624.トルコ石(燐灰石仮晶) Turquoise (メキシコ産)

 

 

 

Turquoise トルコ石

トルコ石(燐灰石仮晶) −メキシコ、ソノラ、バヴィアコラ産

 

トルコ石はふつう脈状〜塊状(ノジュール)で産するもので、自形結晶を示すことはマレである(⇒No.251)。また結晶してもその大きさは高々数ミリ程度にしかならない。透明度の高い巨大結晶を合成してカットしたらどんなにキレイかと思うが、ホタル石よりは硬いとしてもやはり石英より軟らかいし、ヘキ開もあるので、たぶん扱いの難しいアクセサリになってしまうだろう。

この標本は高さ約2cmのトルコ石の結晶である!
といっても六角柱状で頭部が角錐という、三斜晶系とは思えない形。そう、仮晶なのである。もともと燐灰石だったものが結晶形を保ったままトルコ石に変化したと言われている。
トルコ石は銅とアルミニウムのリン酸・水酸塩(水和物)で、燐灰石は弗化カルシウムのリン酸塩であるから、燐灰石に銅やアルミニウムを含む鉱水が作用して出来たものであろう。
もともとトルコ石は火成岩帯や、堆積岩を貫いてマグマが上昇してきた土地に産することが多いが、それはその銅成分が、マグマを起源として地表にもたらされ、一次鉱石から風化分解して溶け出した鉱水に由来するからである。この場合も同様に、銅分を含む鉱水が燐灰石に作用したものだろう。この種の標本は10年ほど前からちらほらと市場に出ている。
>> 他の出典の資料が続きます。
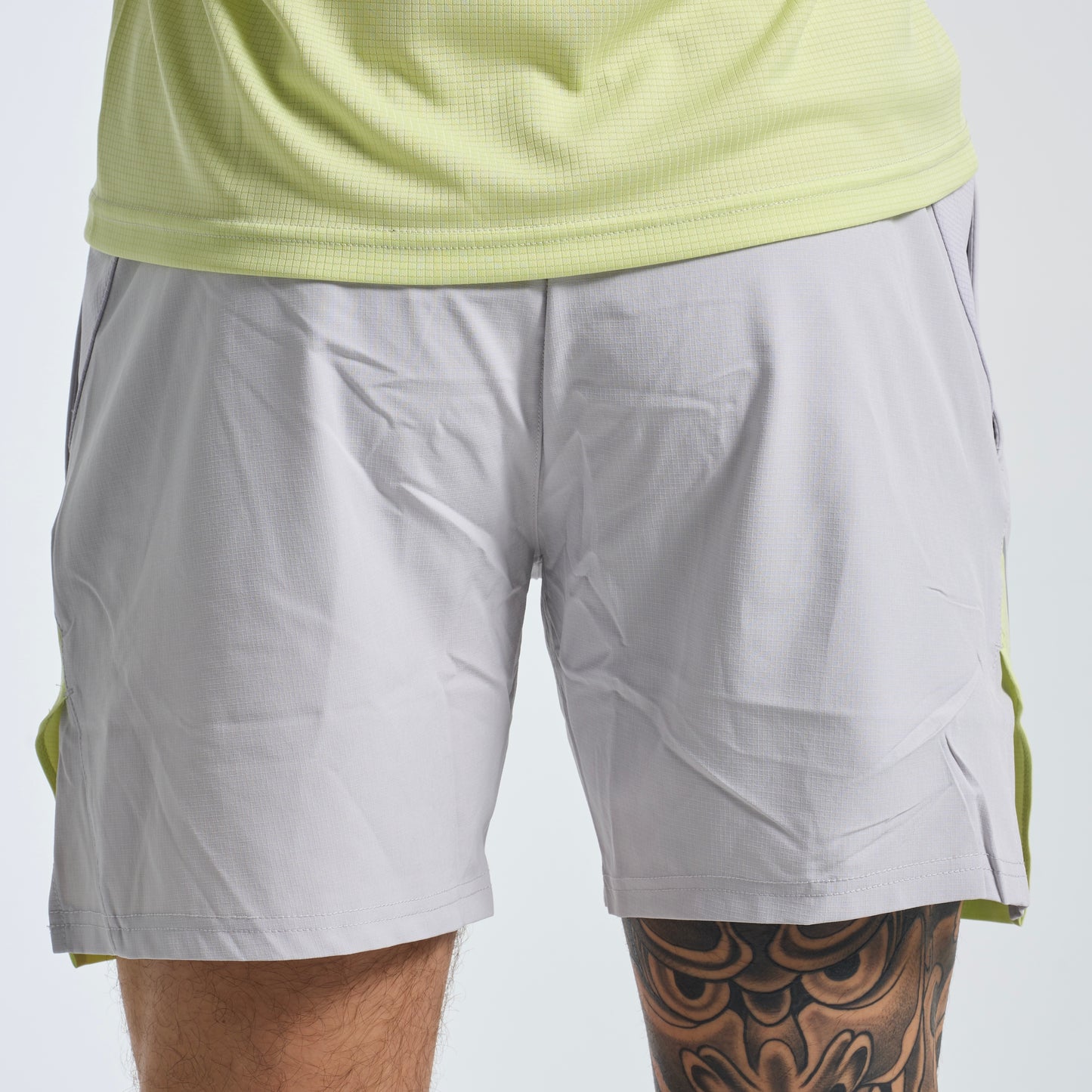 GymKing Flex 2.0 Short - Light Grey/Sherbet Lime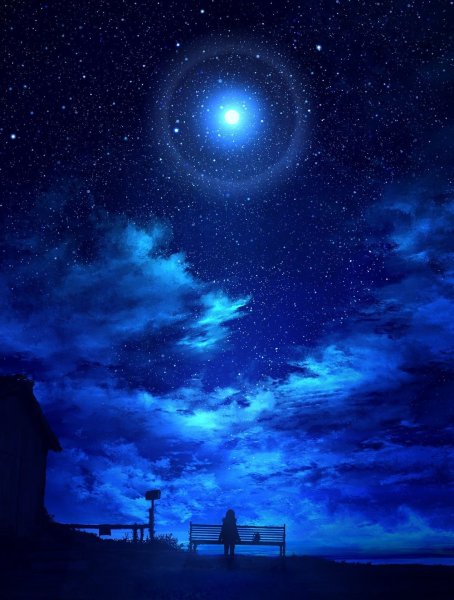 Звездная ночь красивые картинки (48 фото)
トルコ石にしてはかなり緑色味が優っているが、一般に北米産のトルコ石は鉄分を多く含んで、緑色や黄色味を帯びることが多い。それはこの標本が赤サビ色の褐鉄鉱を伴っていることでも分かる。

補記:砂川博士は「宝石は語る」の中で、トルコ石の産地は砂漠地帯が多いことを指摘している。砂漠気候によって岩石が風化してアルミニウムに富んだボーキサイトが出来る。これに銅鉱物からの銅や、動物の死骸などから供給される燐が加わる。これらの成分を溶かし込んだ水が多孔質の岩石を通る間に、トルコ石(の微細な結晶)が沈殿するのだと。